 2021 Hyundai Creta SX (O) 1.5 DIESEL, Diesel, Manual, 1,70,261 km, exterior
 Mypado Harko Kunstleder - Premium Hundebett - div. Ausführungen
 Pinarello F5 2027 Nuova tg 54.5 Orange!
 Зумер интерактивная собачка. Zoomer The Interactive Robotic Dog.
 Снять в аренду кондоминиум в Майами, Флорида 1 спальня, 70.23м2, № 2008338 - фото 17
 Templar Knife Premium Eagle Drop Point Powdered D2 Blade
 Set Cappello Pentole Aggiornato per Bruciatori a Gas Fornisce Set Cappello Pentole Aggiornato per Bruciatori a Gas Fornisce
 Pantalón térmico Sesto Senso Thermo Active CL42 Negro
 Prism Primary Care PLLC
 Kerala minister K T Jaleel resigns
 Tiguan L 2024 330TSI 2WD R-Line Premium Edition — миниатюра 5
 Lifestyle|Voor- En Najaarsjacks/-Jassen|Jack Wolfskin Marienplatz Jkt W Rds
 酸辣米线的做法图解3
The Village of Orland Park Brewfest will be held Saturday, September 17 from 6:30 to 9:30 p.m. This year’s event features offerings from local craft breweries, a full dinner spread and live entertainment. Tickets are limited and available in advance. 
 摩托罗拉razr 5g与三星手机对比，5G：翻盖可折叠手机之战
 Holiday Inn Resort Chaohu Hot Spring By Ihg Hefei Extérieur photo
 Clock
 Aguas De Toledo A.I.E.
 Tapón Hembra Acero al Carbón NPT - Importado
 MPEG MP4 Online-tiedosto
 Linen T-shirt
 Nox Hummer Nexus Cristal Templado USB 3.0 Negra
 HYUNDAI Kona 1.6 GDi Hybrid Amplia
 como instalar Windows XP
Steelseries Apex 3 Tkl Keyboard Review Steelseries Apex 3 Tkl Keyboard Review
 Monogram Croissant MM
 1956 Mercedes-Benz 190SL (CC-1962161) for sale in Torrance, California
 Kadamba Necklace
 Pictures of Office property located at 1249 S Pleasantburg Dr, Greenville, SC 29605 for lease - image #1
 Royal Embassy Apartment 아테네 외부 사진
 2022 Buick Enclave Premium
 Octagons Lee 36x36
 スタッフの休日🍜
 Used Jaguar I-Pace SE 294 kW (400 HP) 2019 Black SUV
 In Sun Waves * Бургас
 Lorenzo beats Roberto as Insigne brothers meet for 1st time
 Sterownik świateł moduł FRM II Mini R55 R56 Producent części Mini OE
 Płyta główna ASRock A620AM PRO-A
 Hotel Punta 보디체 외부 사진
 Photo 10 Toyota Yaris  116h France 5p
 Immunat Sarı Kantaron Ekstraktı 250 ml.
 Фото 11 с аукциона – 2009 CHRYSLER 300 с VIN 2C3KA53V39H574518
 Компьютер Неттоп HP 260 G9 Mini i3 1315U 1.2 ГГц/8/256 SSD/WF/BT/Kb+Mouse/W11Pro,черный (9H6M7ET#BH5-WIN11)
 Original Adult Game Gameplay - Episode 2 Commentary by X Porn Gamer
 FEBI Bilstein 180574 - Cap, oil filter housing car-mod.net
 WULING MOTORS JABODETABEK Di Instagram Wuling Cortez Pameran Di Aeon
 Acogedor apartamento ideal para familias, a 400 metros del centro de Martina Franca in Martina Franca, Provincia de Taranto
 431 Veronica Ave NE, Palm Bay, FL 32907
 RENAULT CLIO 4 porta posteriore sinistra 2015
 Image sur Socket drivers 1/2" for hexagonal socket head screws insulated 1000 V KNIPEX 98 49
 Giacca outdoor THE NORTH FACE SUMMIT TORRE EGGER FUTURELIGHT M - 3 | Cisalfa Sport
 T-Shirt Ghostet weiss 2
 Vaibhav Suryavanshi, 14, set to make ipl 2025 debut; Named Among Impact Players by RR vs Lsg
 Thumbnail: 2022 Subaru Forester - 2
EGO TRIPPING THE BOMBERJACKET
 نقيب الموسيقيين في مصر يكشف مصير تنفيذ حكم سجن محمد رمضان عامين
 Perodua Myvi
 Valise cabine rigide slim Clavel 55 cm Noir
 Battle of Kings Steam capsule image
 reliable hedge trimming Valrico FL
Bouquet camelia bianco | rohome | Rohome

• **TO DO**: Every entry is to be restated word for word.

• **EXPECTED ANSWER**:
 2021 Hyundai Creta SX (O) 1.5 DIESEL, Diesel, Manual, 1,70,261 km, exterior
 Mypado Harko Kunstleder - Premium Hundebett - div. Ausführungen
 Pinarello F5 2027 Nuova tg 54.5 Orange!
 Зумер интерактивная собачка. Zoomer The Interactive Robotic Dog.
 Снять в аренду кондоминиум в Майами, Флорида 1 спальня, 70.23м2, № 2008338 - фото 17
 Templar Knife Premium Eagle Drop Point Powdered D2 Blade
 Set Cappello Pentole Aggiornato per Bruciatori a Gas Fornisce Set Cappello Pentole Aggiornato per Bruciatori a Gas Fornisce
 Pantalón térmico Sesto Senso Thermo Active CL42 Negro
 Prism Primary Care PLLC
 Kerala minister K T Jaleel resigns
 Tiguan L 2024 330TSI 2WD R-Line Premium Edition — миниатюра 5
 Lifestyle|Voor- En Najaarsjacks/-Jassen|Jack Wolfskin Marienplatz Jkt W Rds
 酸辣米线的做法图解3
The Village of Orland Park Brewfest will be held Saturday, September 17 from 6:30 to 9:30 p.m. This year’s event features offerings from local craft breweries, a full dinner spread and live entertainment. Tickets are limited and available in advance. 
 摩托罗拉razr 5g与三星手机对比，5G：翻盖可折叠手机之战
 Holiday Inn Resort Chaohu Hot Spring By Ihg Hefei Extérieur photo
 Clock
 Aguas De Toledo A.I.E.
 Tapón Hembra Acero al Carbón NPT - Importado
 MPEG MP4 Online-tiedosto
 Linen T-shirt
 Nox Hummer Nexus Cristal Templado USB 3.0 Negra
 HYUNDAI Kona 1.6 GDi Hybrid Amplia
 como instalar Windows XP
Steelseries Apex 3 Tkl Keyboard Review Steelseries Apex 3 Tkl Keyboard Review
 Monogram Croissant MM
 1956 Mercedes-Benz 190SL (CC-1962161) for sale in Torrance, California
 Kadamba Necklace
 Pictures of Office property located at 1249 S Pleasantburg Dr, Greenville, SC 29605 for lease - image #1
 Royal Embassy Apartment 아테네 외부 사진
 2022 Buick Enclave Premium
 Octagons Lee 36x36
 スタッフの休日🍜
 Used Jaguar I-Pace SE 294 kW (400 HP) 2019 Black SUV
 In Sun Waves * Бургас
 Lorenzo beats Roberto as Insigne brothers meet for 1st time
 Sterownik świateł moduł FRM II Mini R55 R56 Producent części Mini OE
 Płyta główna ASRock A620AM PRO-A
 Hotel Punta 보디체 외부 사진
 Photo 10 Toyota Yaris  116h France 5p
 Immunat Sarı Kantaron Ekstraktı 250 ml.
 Фото 11 с аукциона – 2009 CHRYSLER 300 с VIN 2C3KA53V39H574518
 Компьютер Неттоп HP 260 G9 Mini i3 1315U 1.2 ГГц/8/256 SSD/WF/BT/Kb+Mouse/W11Pro,черный (9H6M7ET#BH5-WIN11)
 Original Adult Game Gameplay - Episode 2 Commentary by X Porn Gamer
 FEBI Bilstein 180574 - Cap, oil filter housing car-mod.net
 WULING MOTORS JABODETABEK Di Instagram Wuling Cortez Pameran Di Aeon
 Acogedor apartamento ideal para familias, a 400 metros del centro de Martina Franca in Martina Franca, Provincia de Taranto
 431 Veronica Ave NE, Palm Bay, FL 32907
 RENAULT CLIO 4 porta posteriore sinistra 2015
 Image sur Socket drivers 1/2" for hexagonal socket head screws insulated 1000 V KNIPEX 98 49
 Giacca outdoor THE NORTH FACE SUMMIT TORRE EGGER FUTURELIGHT M - 3 | Cisalfa Sport
 T-Shirt Ghostet weiss 2
 Vaibhav Suryavanshi, 14, set to make ipl 2025 debut; Named Among Impact Players by RR vs Lsg
 Thumbnail: 2022 Subaru Forester - 2
EGO TRIPPING THE BOMBERJACKET
 نقيب الموسيقيين في مصر يكشف مصير تنفيذ حكم سجن محمد رمضان عامين
 Perodua Myvi
 Valise cabine rigide slim Clavel 55 cm Noir
 Battle of Kings Steam capsule image
 reliable hedge trimming Valrico FL
Bouquet camelia bianco | rohome | Rohome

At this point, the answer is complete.